What needs to be done: Reproduce exactly the lines from the start of the records through the line containing "three men dressed", both included. Leave the pictures out.

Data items
##############################

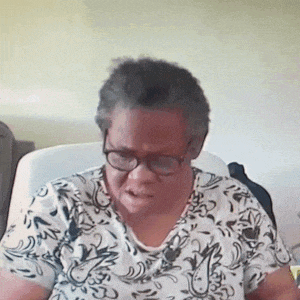 an older woman wearing glasses is sitting on a couch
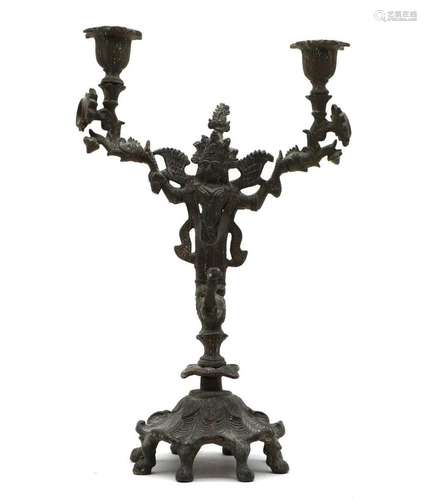 A Thai bronze twin branch candelabra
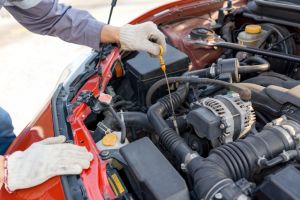 Closeup mechanic hand with protective glove checking the oil level of a car. Routine car maintenance for safe and efficient engine operation. Working atmosphere at car repair shop.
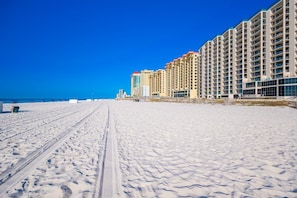 A snow-covered beach with a row of high-rise buildings. - Phoenix Iv 4022 1 Bedroom Condo (Orange Beach)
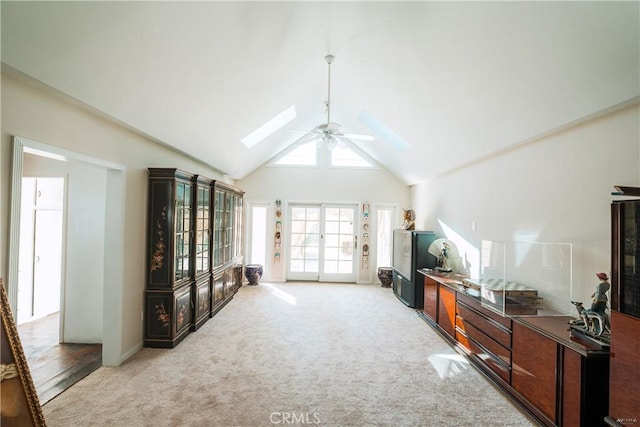 living room with a skylight, light colored carpet, french doors, and high vaulted ceiling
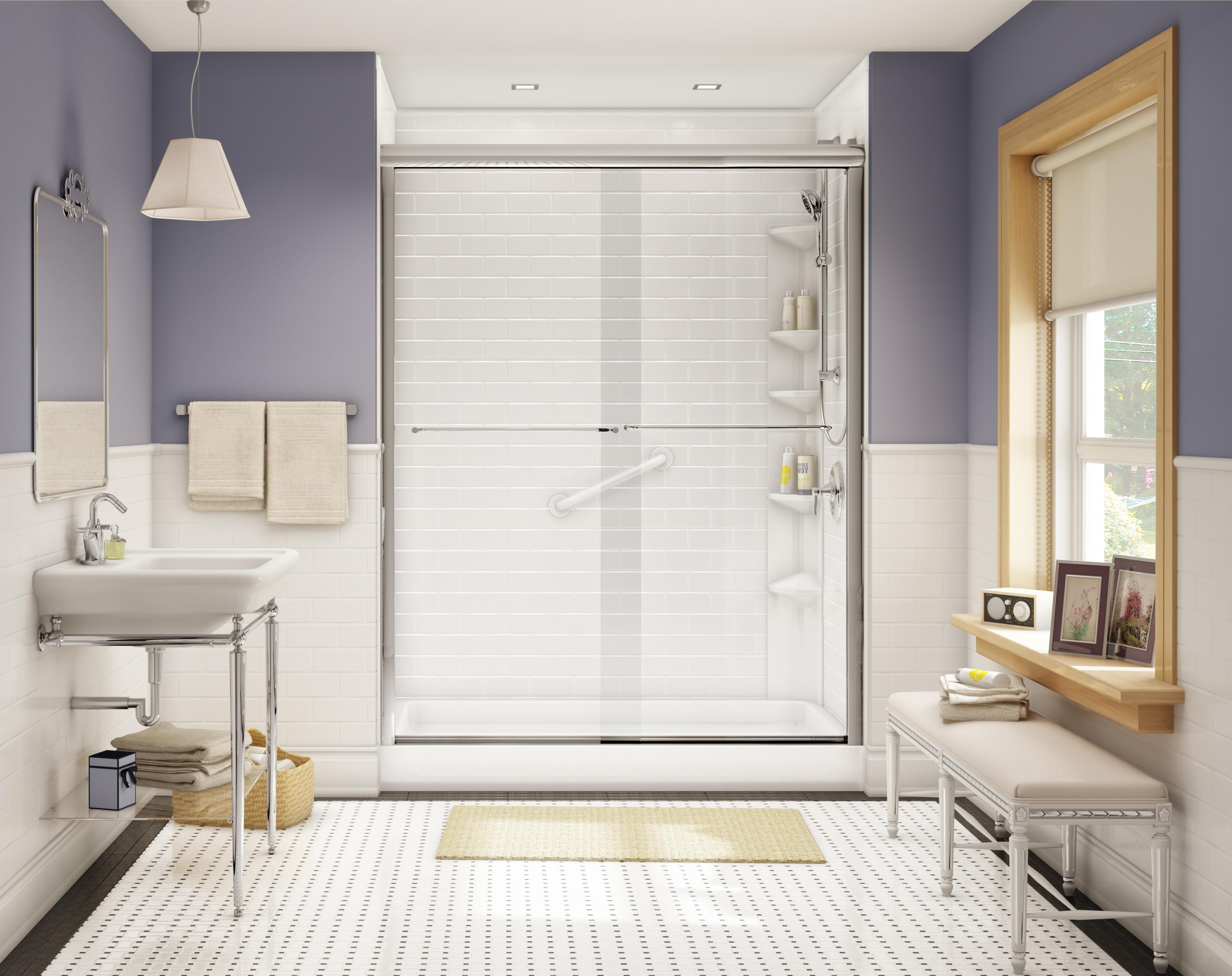 Modern bathroom with a walk-in shower featuring sliding glass doors, white subway tile walls, built-in shelving, and a safety grab bar. The room includes a wall-mounted sink, chrome fixtures, a bench by the window, lavender accent walls, and a patterned tile floor.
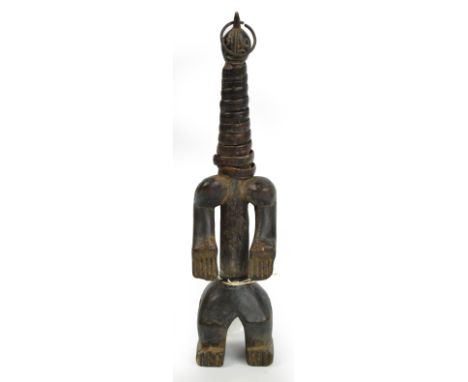 A Namji/Dowayo doll, Cameroon, the elongated neck with rattan binding and pierced ring loop through the cresting, height 33.5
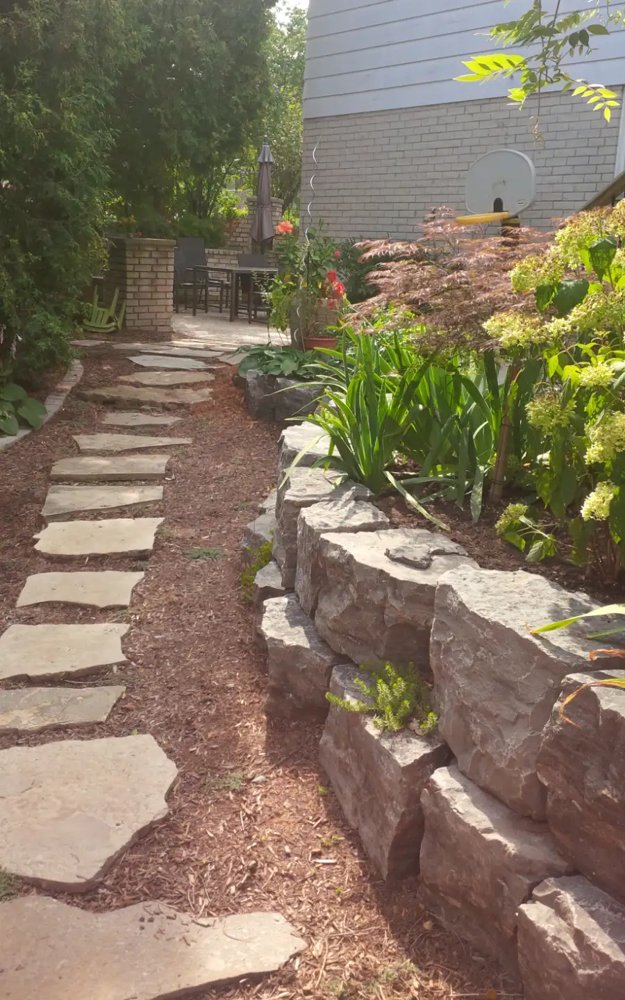Natural stone retaining wall with stepping stones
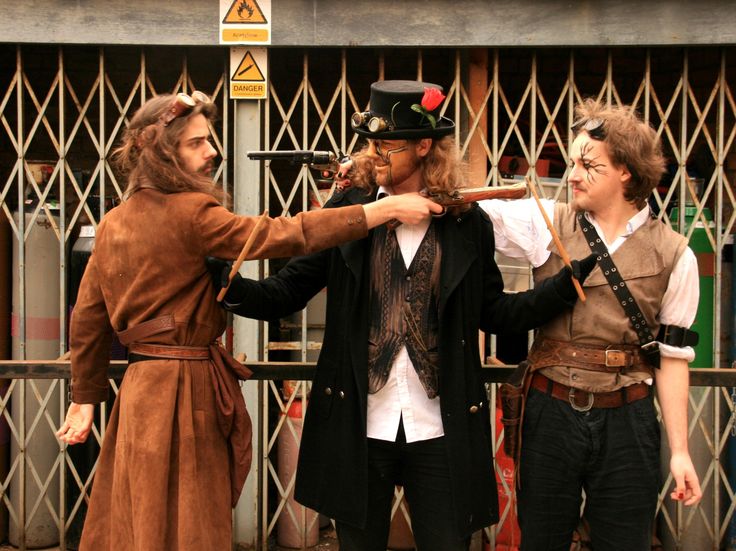 three men dressed in pirate costumes standing next to each other on the street with swords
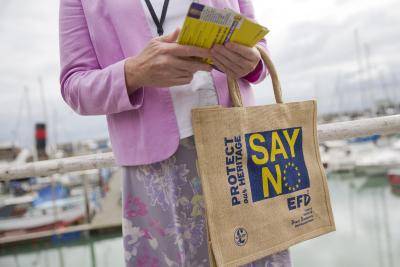 A supporter of the ‘Say No To The EU’ campaign hands out leaflets in Ramsgate, Kent, on 7 September 2015. Photo by Getty Images.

##############################

Problem solution:
 an older woman wearing glasses is sitting on a couch
 A Thai bronze twin branch candelabra
 Closeup mechanic hand with protective glove checking the oil level of a car. Routine car maintenance for safe and efficient engine operation. Working atmosphere at car repair shop.
 A snow-covered beach with a row of high-rise buildings. - Phoenix Iv 4022 1 Bedroom Condo (Orange Beach)
 living room with a skylight, light colored carpet, french doors, and high vaulted ceiling
 Modern bathroom with a walk-in shower featuring sliding glass doors, white subway tile walls, built-in shelving, and a safety grab bar. The room includes a wall-mounted sink, chrome fixtures, a bench by the window, lavender accent walls, and a patterned tile floor.
 A Namji/Dowayo doll, Cameroon, the elongated neck with rattan binding and pierced ring loop through the cresting, height 33.5
Natural stone retaining wall with stepping stones
 three men dressed in pirate costumes standing next to each other on the street with swords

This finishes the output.